Día 24 de la Cuenta del Omer

El Texto de Textos nos revela en Éxodo 18:20, “y enseña a ellos las ordenanzas y las leyes, y muéstrales el camino por donde deben andar, y lo que han de hacer”.

Históricamente la iglesia ha sido un espacio de encuentro y reflexión espiritual en donde regularmente se hace culto a una deidad y aunque la lista al respecto del tipo de escenarios en pro de ese fin ha sido más que amplia, lo cierto es que todos estos sitios de encuentro desde las diferentes creencias tienen algo en común y es la realidad de visionarnos como parte de una Creación, algo que va más allá de lo físico, lo cual nos obliga a su vez a entendernos como una sola especie así algunas de esas creencias quieran dividirnos.

Hay sectas que nos desorientan quizá pero ello se debe a que nos olvidamos de un concepto fundamental en donde se nos invita a relacionarnos con un ser superior que más allá de las explicaciones que queramos dar al respecto de su esencia, no lo podemos entender ni con nuestras palabras y ni siquiera con nuestros imaginarios.
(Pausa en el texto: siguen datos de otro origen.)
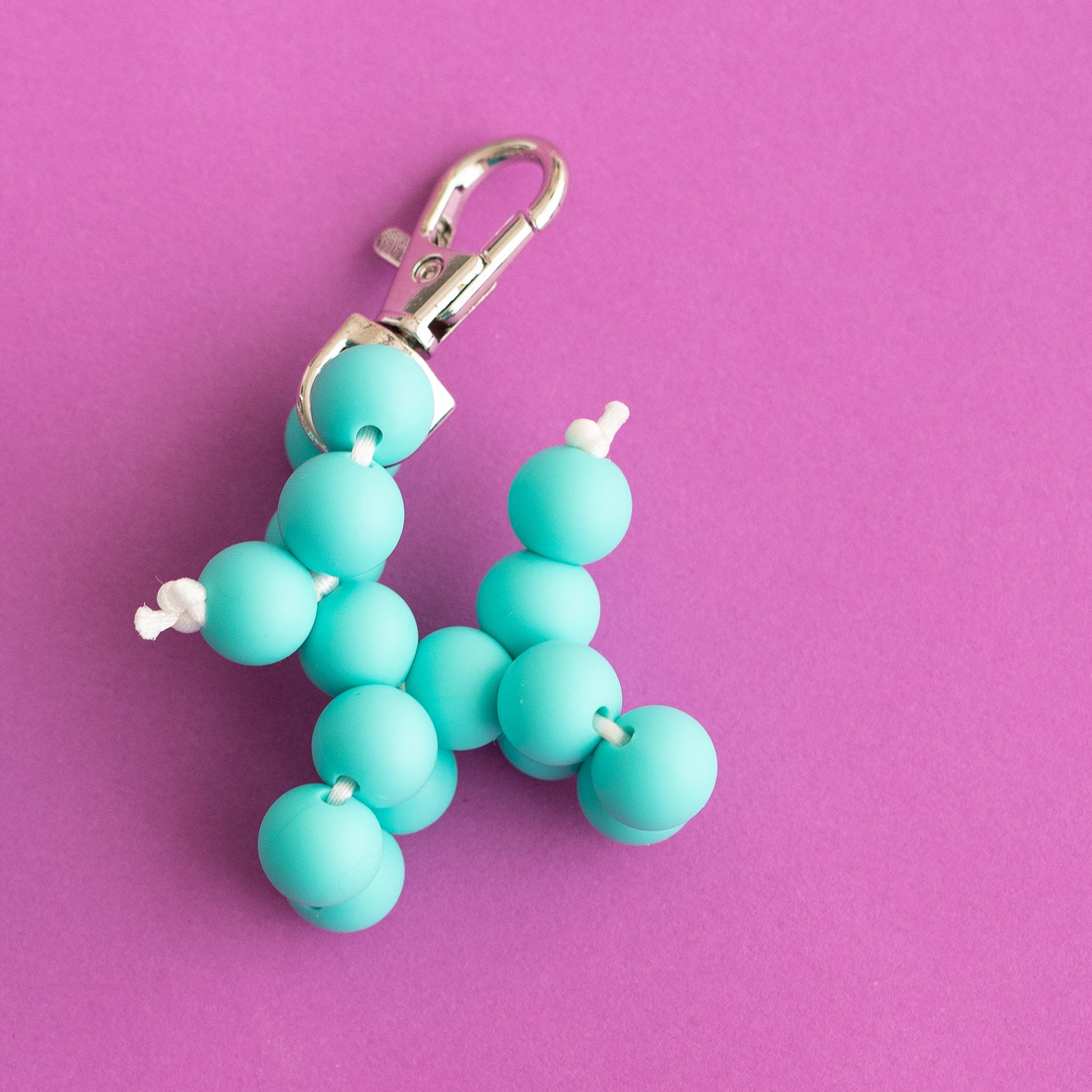 Shop the Image Turquoise Balloon Dog Silicone Beads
Lo que nos debería llevar a enfatizar más en las enseñanzas y sus valores como pilares que parecen comunes dentro de esas mismas religiones en donde regularmente se nos habla del amor y en donde se nos invita por ende a vincularnos unos con otros.

En si cada iglesia pretende que lo divino toque lo terrenal y es por ello que tras esa dirección deberíamos orientarnos dentro de nuestros diferentes encuentros cotidianos para guiar nuestras existencias más allá de rezos y oraciones en la búsqueda de que nuestras acciones, palabras y pensamientos nos vinculen a través de esos preceptos y mandatos vinculándonos con esos otros, nuestros próximos por distintos o hasta opuestos que les podamos considerar.

Se trata de respetar además todos esos ritos y hasta mitos e incluso de complementarnos a través de ellos ya que si profundizamos en esos criterios nos daremos cuenta que en el fondo hay más cosas en común, como el reconocer que hay algo más allá de este mundo y que contamos con una esencia espiritual que trasciende lo material y sobre todo que es el amor como vinculo perfecto una de las propuestas más elementales que se encuentran dentro de la mayoría de nuestras ancestrales creencias.

Así que perteneciendo o no a alguna iglesia e impulsando estos u otros criterios que llevan a algunos incluso a detener sus actividades diarias para orar y rezar en estos espacios espirituales como creyentes que nos sentimos, consideremos desde esa individualidad que podemos encontrar en nuestra raíz genealógica de Abraham la posibilidad de enfocarnos en una Fe en el Creador y en sus preceptos de vida para retomar ese camino que Jesús de Nazaret nos oriento como un único mandamiento: amarnos.

El Texto de Textos nos revela en Efesios 4:1, “Yo pues, preso en el Señor, os ruego que andéis como es digno de la vocación con que fuisteis llamados, con toda humildad y mansedumbre, soportándoos con paciencia los unos a los otros en amor,solícitos en guardar la unidad del Espíritu en el vínculo de la paz; un cuerpo, y un Espíritu, como fuisteis también llamados en una misma esperanza de vuestra vocación; un Señor, una fe, un bautismo, un Creador y Padre de todos, el cual es sobre todos, y por todos, y en todos”.

Oremos para que nuestra religión sea una relación profunda de amor con el Creador y su obra.